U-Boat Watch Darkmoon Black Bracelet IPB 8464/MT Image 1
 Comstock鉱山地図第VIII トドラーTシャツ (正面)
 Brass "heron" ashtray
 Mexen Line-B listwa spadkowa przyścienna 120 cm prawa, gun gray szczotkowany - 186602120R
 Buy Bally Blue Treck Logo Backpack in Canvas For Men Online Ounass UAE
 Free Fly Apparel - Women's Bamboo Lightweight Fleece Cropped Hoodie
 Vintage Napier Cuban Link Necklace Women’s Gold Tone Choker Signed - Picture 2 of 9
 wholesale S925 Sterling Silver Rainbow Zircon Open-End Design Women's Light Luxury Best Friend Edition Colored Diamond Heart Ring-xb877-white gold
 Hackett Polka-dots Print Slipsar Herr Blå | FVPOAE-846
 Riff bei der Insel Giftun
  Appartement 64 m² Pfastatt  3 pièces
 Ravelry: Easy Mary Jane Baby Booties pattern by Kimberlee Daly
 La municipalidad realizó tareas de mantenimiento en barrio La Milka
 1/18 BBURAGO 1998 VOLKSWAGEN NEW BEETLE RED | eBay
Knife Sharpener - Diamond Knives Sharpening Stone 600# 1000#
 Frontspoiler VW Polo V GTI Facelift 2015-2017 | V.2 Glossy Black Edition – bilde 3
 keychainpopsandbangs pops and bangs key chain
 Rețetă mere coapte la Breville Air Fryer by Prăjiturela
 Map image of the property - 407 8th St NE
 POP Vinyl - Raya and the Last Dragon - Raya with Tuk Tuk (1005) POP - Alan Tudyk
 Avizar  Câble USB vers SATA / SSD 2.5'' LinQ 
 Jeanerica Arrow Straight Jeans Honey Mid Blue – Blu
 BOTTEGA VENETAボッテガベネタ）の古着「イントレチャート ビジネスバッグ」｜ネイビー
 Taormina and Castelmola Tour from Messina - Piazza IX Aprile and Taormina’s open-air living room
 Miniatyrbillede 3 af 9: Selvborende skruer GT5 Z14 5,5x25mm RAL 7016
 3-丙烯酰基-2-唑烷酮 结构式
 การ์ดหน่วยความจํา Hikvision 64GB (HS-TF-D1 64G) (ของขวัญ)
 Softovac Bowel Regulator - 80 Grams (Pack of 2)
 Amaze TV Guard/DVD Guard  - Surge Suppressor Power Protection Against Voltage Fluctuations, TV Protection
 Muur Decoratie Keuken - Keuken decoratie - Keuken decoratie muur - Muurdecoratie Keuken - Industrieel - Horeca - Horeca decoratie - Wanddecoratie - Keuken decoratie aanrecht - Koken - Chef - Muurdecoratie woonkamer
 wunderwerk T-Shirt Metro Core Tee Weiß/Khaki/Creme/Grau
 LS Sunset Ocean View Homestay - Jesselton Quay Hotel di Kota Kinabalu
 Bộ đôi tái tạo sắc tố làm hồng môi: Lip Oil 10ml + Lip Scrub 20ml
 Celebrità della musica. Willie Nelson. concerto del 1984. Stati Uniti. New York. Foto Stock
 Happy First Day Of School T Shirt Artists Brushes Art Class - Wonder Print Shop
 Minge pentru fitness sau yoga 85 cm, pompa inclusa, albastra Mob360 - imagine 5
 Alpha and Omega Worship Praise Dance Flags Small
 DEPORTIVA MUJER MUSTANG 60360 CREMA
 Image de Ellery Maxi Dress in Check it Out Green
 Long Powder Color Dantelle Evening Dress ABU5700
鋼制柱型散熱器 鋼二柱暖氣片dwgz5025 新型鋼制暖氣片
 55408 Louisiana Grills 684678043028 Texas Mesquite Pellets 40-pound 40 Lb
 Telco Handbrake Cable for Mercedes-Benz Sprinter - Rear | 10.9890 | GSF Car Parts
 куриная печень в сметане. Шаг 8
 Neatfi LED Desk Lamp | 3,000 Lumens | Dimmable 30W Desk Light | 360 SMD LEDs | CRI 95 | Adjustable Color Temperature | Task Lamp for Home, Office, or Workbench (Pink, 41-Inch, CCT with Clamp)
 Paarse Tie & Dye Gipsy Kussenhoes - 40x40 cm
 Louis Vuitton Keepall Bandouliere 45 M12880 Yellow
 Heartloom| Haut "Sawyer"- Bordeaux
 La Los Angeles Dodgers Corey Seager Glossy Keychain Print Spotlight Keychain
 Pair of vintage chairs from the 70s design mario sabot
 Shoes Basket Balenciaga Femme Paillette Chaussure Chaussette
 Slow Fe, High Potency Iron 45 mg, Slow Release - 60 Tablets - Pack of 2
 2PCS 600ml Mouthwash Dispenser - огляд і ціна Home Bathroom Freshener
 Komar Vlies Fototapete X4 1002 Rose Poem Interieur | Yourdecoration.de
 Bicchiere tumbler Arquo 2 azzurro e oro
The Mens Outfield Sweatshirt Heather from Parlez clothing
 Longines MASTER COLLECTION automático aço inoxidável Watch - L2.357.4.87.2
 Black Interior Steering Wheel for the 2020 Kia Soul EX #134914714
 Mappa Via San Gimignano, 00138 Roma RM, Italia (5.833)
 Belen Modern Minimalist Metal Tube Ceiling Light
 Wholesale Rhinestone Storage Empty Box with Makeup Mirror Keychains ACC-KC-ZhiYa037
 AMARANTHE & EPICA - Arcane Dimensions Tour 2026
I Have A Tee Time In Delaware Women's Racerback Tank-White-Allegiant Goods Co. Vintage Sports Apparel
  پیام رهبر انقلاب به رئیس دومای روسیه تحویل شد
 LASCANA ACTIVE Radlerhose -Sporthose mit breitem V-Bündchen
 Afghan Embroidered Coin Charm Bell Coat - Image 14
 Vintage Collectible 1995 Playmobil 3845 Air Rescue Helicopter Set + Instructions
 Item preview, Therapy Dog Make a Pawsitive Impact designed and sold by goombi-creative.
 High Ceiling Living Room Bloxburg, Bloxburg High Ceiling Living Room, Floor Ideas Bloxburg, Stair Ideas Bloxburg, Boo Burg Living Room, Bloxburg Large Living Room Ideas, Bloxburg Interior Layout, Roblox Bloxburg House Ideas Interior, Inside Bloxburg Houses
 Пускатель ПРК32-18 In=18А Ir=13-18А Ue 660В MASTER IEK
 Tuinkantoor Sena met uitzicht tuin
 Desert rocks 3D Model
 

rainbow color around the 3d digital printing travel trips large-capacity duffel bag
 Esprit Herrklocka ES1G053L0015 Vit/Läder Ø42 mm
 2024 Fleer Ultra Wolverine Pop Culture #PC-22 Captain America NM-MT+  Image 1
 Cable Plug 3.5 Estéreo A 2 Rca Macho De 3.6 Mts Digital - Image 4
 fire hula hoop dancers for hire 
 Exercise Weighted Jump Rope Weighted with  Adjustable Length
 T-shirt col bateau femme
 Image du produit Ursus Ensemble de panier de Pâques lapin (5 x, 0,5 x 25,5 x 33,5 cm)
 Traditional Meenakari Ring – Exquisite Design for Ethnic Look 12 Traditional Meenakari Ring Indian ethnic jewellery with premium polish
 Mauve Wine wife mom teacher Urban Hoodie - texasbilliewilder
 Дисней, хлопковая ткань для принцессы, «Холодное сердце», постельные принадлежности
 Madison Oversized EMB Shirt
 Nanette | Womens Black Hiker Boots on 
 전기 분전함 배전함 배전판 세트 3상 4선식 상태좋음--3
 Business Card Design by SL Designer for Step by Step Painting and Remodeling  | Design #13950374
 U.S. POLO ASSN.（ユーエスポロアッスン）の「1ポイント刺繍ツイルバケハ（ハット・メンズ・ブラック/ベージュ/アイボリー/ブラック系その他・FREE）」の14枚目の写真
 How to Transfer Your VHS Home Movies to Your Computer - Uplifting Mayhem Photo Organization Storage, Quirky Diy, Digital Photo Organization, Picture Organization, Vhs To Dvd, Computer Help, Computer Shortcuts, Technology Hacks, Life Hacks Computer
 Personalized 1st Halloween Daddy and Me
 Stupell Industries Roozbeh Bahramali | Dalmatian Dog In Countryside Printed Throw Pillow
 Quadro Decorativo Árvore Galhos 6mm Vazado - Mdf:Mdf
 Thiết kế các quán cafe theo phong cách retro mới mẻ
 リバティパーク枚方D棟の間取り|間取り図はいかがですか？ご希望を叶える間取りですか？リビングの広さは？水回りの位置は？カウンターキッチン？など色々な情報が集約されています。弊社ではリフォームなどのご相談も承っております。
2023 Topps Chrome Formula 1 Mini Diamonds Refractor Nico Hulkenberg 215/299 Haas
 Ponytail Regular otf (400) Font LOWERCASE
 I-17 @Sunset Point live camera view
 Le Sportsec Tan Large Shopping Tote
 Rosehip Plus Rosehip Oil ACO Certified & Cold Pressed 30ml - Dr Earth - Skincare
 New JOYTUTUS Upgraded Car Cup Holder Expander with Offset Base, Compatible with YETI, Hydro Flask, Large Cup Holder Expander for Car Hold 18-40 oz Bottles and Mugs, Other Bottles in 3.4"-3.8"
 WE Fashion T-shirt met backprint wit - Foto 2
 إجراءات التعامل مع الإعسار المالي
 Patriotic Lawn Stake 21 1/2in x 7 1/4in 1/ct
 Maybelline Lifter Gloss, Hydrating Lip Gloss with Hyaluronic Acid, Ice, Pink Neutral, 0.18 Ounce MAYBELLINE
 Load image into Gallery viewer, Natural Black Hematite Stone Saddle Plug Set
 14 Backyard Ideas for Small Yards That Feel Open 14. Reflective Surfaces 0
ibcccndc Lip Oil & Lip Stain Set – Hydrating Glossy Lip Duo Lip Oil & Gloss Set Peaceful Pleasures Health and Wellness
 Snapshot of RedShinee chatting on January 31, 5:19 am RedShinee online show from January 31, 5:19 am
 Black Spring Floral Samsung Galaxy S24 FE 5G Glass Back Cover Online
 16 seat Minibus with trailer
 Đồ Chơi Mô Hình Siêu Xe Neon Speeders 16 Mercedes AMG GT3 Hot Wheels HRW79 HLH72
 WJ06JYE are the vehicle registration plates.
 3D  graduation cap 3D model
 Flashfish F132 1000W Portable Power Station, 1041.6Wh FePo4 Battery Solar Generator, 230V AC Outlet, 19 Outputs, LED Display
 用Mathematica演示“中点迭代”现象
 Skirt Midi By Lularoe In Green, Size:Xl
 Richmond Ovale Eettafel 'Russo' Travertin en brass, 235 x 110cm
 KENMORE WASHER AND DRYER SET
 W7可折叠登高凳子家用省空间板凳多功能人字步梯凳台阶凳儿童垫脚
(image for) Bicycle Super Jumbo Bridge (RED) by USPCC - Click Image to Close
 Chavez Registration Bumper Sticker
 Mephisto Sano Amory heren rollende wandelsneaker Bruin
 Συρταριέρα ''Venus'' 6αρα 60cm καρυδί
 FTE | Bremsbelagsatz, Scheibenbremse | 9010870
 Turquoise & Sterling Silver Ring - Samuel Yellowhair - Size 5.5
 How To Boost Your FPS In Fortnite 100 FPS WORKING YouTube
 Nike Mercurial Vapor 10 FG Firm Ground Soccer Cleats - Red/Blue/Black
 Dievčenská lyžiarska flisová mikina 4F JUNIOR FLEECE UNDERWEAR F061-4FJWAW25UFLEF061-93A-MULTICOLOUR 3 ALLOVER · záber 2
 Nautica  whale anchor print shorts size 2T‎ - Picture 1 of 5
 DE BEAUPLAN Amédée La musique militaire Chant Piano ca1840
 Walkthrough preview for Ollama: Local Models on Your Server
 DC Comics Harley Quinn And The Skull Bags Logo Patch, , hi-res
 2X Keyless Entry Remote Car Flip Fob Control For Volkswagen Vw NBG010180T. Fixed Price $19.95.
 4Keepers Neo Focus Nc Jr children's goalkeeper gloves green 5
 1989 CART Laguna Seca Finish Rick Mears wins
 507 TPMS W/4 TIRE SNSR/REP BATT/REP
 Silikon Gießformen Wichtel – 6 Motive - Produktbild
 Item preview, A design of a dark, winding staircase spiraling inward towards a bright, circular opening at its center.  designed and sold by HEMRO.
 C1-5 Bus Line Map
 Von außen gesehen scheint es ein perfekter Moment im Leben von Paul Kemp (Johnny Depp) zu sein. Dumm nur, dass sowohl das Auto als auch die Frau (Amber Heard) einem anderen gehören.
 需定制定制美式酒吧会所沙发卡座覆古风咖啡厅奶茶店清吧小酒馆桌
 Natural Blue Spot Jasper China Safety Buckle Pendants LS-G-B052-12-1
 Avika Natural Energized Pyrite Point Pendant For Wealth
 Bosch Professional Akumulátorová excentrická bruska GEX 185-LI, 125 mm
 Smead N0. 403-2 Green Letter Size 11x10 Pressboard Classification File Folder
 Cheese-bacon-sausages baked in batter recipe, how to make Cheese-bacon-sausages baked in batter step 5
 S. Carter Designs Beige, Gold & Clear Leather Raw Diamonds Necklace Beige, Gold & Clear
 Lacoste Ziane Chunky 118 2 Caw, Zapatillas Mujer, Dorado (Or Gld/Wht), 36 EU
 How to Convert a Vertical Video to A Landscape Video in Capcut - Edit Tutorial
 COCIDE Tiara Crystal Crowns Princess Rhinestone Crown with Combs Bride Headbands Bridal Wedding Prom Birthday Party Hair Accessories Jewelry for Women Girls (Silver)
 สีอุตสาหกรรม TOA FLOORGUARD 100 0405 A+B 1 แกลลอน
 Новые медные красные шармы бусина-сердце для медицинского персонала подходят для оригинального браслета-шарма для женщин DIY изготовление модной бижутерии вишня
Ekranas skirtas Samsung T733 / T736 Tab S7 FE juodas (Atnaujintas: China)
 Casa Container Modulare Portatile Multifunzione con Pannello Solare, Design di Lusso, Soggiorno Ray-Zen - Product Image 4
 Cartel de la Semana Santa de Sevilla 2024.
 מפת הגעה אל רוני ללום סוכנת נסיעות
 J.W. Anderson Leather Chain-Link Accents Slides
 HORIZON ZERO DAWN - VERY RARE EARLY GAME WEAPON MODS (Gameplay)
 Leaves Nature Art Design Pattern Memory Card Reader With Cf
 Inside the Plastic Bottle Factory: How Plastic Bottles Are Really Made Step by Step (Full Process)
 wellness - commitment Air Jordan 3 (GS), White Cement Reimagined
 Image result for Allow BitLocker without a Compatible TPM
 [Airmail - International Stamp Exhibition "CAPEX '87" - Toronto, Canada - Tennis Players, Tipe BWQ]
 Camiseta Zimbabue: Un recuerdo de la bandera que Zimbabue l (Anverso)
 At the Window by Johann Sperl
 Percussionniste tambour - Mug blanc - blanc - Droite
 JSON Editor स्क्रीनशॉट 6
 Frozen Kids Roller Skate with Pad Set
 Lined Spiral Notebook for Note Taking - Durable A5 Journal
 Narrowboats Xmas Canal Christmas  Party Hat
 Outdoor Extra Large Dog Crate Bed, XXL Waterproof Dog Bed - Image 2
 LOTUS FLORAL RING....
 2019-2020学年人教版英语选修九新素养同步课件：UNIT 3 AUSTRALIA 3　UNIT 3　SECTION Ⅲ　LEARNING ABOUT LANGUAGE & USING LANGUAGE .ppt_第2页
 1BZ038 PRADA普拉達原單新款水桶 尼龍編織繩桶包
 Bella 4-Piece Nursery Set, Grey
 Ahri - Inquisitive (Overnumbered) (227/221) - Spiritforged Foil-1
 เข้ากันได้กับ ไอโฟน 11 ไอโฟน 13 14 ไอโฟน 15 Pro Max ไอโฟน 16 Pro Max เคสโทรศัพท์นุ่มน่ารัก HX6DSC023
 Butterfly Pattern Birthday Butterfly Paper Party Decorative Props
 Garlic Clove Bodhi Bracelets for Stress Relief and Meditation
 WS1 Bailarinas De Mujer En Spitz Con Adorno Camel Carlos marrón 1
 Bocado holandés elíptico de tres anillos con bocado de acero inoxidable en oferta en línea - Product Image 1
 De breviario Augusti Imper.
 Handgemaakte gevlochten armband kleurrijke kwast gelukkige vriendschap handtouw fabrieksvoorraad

__________

» **What is being asked**
Nothing outside this range should appear: the lines from the start of the listing through the line with "Free Fly Apparel", each reproduced exactly, both ends included.

» **Response to this exercise**
U-Boat Watch Darkmoon Black Bracelet IPB 8464/MT Image 1
 Comstock鉱山地図第VIII トドラーTシャツ (正面)
 Brass "heron" ashtray
 Mexen Line-B listwa spadkowa przyścienna 120 cm prawa, gun gray szczotkowany - 186602120R
 Buy Bally Blue Treck Logo Backpack in Canvas For Men Online Ounass UAE
 Free Fly Apparel - Women's Bamboo Lightweight Fleece Cropped Hoodie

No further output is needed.